I forgot about how big the storms can be here. On
Saturday, there was a rip roaring one that tore through the
region.
It was a humid, windy night.
There I was in my brother's kitchen on the top floor of
his duplex. The radio was on and I was listening to my
favorite radio program, A Prairie Home Companion. My brother
was away, lucky thing, too.
I had shelf paper all over and one by one I was scrubbing
out his kitchen cabinets, wiping down all the handles and
laying the new paper. White with a blue and gray marbling
motif. He is a guy after all and I told the woman at Ace
Hardware that I didn't want flowers.
Over my shoulder, out the window, the cracks of
lightening lit up the night sky and showed the branches
on the leafy maple in the backyard swaying crazily in the
wind. I was cozy though and safe from the storm and after
a few hours in between the emergency weather warnings on the
radio, I had it all down and the kitchen felt sparkling clean.

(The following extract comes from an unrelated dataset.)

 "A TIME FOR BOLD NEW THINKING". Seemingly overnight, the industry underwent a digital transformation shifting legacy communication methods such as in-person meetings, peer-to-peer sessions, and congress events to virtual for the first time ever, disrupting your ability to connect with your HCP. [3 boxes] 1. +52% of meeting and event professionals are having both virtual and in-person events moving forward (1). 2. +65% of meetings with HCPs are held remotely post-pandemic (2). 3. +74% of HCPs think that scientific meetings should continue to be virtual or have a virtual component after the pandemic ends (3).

I even laid paper under the sink in the bathroom as an added
bonus.
The next day when Jim came home, he said, "Wow! I've
lived here 20 years and that's never been done."
"I even found buried treasure under the kitechen sink," I
said, "A blue towel that I threw in the washing
machine."
"That's not mine," Jim said. "Oh," I said. I didn't want
to think about that too much. We took it to the Goodwill later
that afternoon.
Then my sister called and we told her, what I had done.
"Oh great!" she said, "Can you do my linen closet when you
come over on Friday?"
When Jim and I watched the news, it turned out to be the
worst storm in the region for 30 years. Houses washed away and
a lake disappeared into the Wisconsin river.